[What this task involves]
Copy out the data exactly as it appears, without a single image.

[Recorded information]
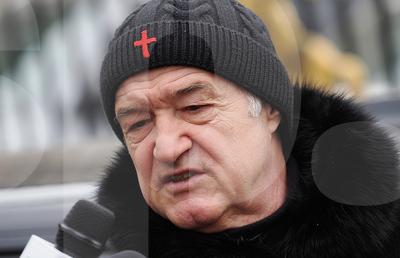 Gigi Becali continuă atacurile spre Cristina Trandafir: „Am înțeles că e secretara lui Vassaras” » Se ia și de șeful CCA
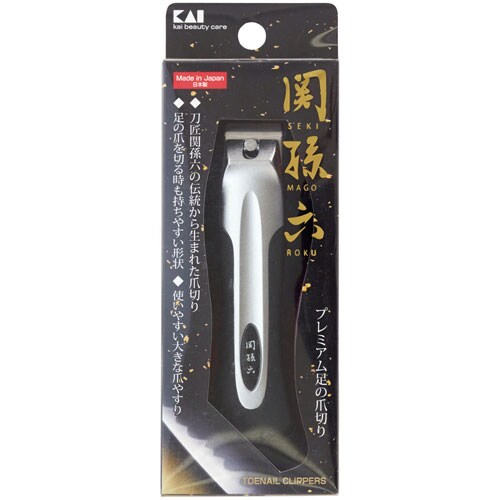 関孫六 プレミアム爪切りL HC−3501
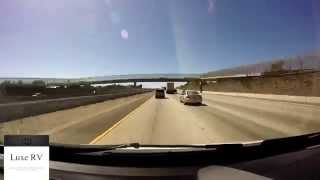 RV Drive from Los Angeles to San Francisco [upl. by Nacnud]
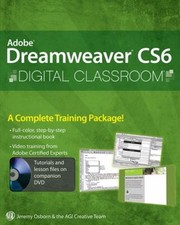 Adobe Dreamweaver CS6 Digital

[Result of the exercise]
 Gigi Becali continuă atacurile spre Cristina Trandafir: „Am înțeles că e secretara lui Vassaras” » Se ia și de șeful CCA
 関孫六 プレミアム爪切りL HC−3501
 RV Drive from Los Angeles to San Francisco [upl. by Nacnud]
 Adobe Dreamweaver CS6 Digital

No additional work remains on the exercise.